Sunday, May 29, 2005

Raising funds and waving signs

I am not entireley pleased with this article.

Once again the Baltimore Sun's Larry Carson shows his bias against the Republican's in Howard County by winding up his article with comments by John Loftus, key note speaker at the GOP Lincoln Day Dinner. Carson gives the impression that Loftus, and the HOCO GOP through association, are extremists by selectively quoting Loftus. Carson gives no balance to the story and fails to mention the outreach to Muslim organizations or the Muslim Groups that reservered tables at the Lincoln Day Dinner and who praised Loftus for his comments (because they were their to here the speech in context)."Oh my gosh...." exclaims Guy Guzzone when learning that his likely opponent in the general election, Chris Merdon is sign waiving. Who is Guzzone kidding? He has been campaigning in his own way by pandering to special interests in the county since 2002.

Now Robey is accusing Republicans of saying Government and Taxes are bad. Mr. Robey, Government and Taxes are good and necessary. Your style of government and taxes are bad.

WITH BLUE "Merdon, County Executive" signs plastered everywhere, the annual Howard County Republican party's Lincoln Day Dinner at Turf Valley looked more like the launching of the county councilman's 2006 campaign than what it was - a fund-raising gathering for the party.

County Councilman Christopher J. Merdon, the Ellicott City Republican expected to oppose council Chairman Guy Guzzone, a North Laurel-Savage Democrat, for the county executive's job next year, was also out sign waving with a group of supporters early Wednesday morning at Broken Land and Little Patuxent parkways.

He won't officially announce his campaign until fall, Merdon said at the party dinner Sunday night, but "this is family," he said about displaying the signs at the dinner. Merdon said he plans to begin regular sign-waving several times a week until the November, 2006 election.

Guzzone, who donned a tuxedo as host of the Democrats' slightly larger annual $60-a-ticket Jefferson-Jackson Day dinner Tuesday night at the Ten Oaks Ballroom in Clarksville - sans campaign posters - took a dim view.
"Oh, my gosh. While he's busy doing that, I'll be busy doing the work we need to accomplish. It's sad the campaign season has become as long as it is," Guzzone said.

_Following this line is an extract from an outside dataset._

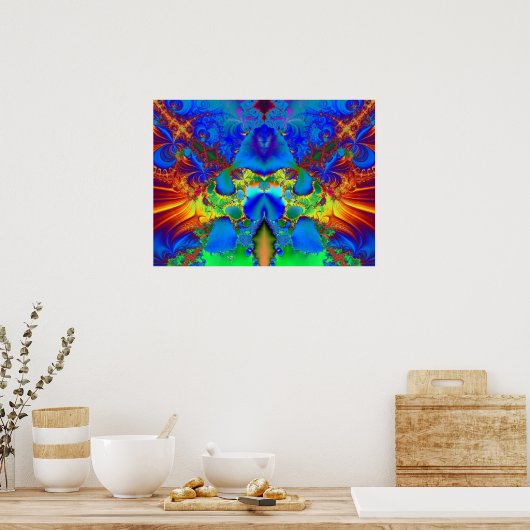 Eis-18x24 Poster (Küche)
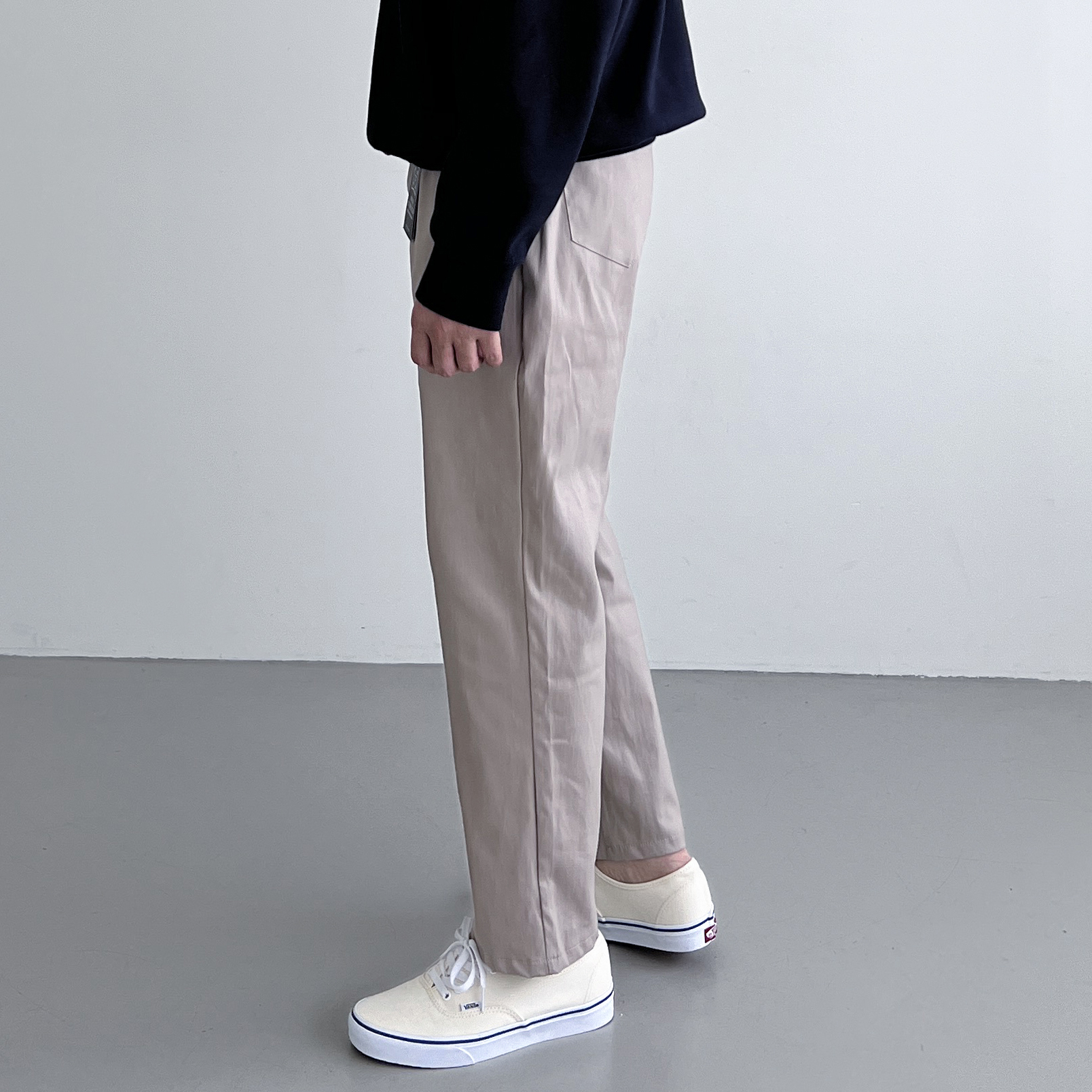 테이퍼드핏 남자밴딩팬츠 치노팬츠 면바지 기지바지 슬랙스 - 상세 이미지 3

The Democrats heard from gubernatorial candidate and Montgomery County executive Douglas M. Duncan, who said that although he hasn't formally announced, "I would like to be the next governor of the state."
He boasted that since his first election as county executive in 1994, Montgomery County Republicans have lost nine of the 11 elected positions they once held in his county.

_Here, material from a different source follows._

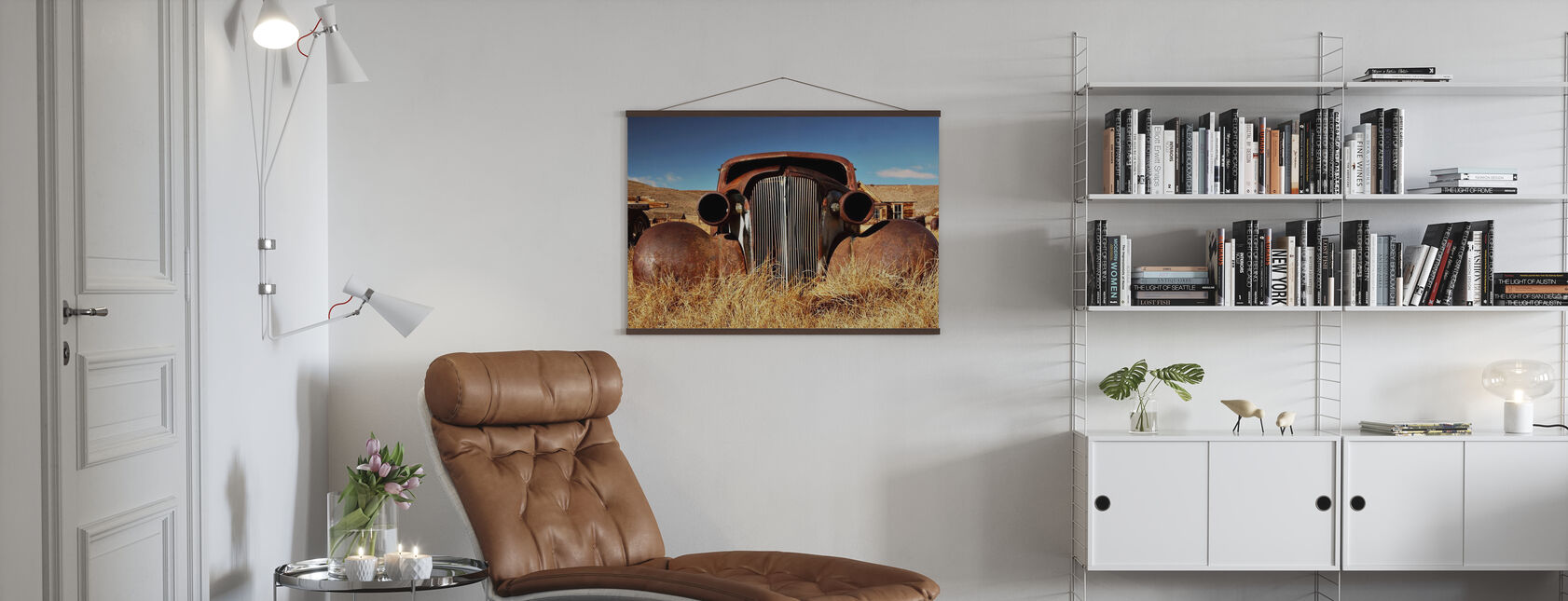 Car abandoned in the 1930's - Poster - Living Room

Democrats, he said "believe in community, in bringing people together." He ridiculed President Bush's slogan of an "ownership society" for what he said is the phrase's real meaning: "the on-your-own society."
Howard County Executive James N. Robey also spoke, urging the party faithful to work especially hard for next year's elections to defend Democrats' belief that government services are vital to keeping Howard County atop Maryland in education, in lowering crime, and boosting economic development.

"We had the guts to do what's right," he said of the 30 percent increase in income taxes he and council Democrats pushed through in 2003. "I am so sick and tired of hearing that all we have to do is cut taxes to make Howard County better."

He said he has seen no caravans of refugees leaving the county, and he assailed "a mentality that says government is bad, taxes are bad."

"We are a party that cares about people first and not a mentality that only the wealthy can be treated with dignity."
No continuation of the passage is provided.